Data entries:
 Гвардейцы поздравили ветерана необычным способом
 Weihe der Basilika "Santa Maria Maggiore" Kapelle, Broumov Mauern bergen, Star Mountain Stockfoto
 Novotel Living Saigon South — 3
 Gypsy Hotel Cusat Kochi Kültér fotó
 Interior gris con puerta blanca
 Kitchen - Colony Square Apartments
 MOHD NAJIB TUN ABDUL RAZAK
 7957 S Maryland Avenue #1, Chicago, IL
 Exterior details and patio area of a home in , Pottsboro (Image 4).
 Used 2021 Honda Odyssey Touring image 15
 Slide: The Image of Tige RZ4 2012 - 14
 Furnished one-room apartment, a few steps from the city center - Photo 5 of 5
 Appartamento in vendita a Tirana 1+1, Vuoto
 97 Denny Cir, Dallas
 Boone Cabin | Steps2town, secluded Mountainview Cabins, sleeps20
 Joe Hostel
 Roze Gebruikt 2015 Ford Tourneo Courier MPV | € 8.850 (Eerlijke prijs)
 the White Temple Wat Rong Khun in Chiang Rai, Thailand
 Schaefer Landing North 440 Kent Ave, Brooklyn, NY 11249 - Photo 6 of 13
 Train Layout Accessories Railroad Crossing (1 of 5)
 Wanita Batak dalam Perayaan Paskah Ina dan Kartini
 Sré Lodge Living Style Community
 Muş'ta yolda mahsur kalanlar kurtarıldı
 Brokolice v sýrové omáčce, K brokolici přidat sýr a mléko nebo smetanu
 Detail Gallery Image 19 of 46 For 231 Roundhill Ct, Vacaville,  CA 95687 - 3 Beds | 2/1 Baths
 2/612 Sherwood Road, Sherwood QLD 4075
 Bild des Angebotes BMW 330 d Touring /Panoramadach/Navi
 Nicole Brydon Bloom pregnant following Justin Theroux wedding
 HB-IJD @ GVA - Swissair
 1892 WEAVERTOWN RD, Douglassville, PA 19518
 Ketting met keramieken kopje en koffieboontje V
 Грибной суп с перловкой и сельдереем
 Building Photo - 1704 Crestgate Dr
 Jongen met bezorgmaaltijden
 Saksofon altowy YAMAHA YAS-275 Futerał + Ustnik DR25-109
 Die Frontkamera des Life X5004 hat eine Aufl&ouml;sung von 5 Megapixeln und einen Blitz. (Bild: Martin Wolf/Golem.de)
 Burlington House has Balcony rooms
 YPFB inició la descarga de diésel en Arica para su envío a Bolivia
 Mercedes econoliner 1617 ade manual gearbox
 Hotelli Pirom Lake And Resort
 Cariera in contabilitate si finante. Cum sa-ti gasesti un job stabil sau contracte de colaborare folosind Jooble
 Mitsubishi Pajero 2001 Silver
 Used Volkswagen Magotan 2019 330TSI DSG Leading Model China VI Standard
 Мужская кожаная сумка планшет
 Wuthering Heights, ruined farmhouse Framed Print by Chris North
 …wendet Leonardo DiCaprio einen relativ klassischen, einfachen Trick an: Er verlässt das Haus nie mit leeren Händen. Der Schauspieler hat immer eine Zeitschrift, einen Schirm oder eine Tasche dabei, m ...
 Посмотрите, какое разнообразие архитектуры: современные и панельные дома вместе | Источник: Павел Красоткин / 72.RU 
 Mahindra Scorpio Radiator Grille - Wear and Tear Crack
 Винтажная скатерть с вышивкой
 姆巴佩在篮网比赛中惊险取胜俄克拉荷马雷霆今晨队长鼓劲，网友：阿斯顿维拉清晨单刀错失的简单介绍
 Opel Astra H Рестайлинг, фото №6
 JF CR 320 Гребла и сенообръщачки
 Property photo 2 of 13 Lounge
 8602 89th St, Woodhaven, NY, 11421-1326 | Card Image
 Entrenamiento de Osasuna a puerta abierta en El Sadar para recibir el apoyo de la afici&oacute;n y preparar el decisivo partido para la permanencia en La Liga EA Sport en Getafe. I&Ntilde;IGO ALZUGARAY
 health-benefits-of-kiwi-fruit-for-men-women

REQUIRED WORK. Output, please, only the lines running from the start of the entries through the line that contains "the White Temple", including both of those lines.

OUTPUT.
 Гвардейцы поздравили ветерана необычным способом
 Weihe der Basilika "Santa Maria Maggiore" Kapelle, Broumov Mauern bergen, Star Mountain Stockfoto
 Novotel Living Saigon South — 3
 Gypsy Hotel Cusat Kochi Kültér fotó
 Interior gris con puerta blanca
 Kitchen - Colony Square Apartments
 MOHD NAJIB TUN ABDUL RAZAK
 7957 S Maryland Avenue #1, Chicago, IL
 Exterior details and patio area of a home in , Pottsboro (Image 4).
 Used 2021 Honda Odyssey Touring image 15
 Slide: The Image of Tige RZ4 2012 - 14
 Furnished one-room apartment, a few steps from the city center - Photo 5 of 5
 Appartamento in vendita a Tirana 1+1, Vuoto
 97 Denny Cir, Dallas
 Boone Cabin | Steps2town, secluded Mountainview Cabins, sleeps20
 Joe Hostel
 Roze Gebruikt 2015 Ford Tourneo Courier MPV | € 8.850 (Eerlijke prijs)
 the White Temple Wat Rong Khun in Chiang Rai, Thailand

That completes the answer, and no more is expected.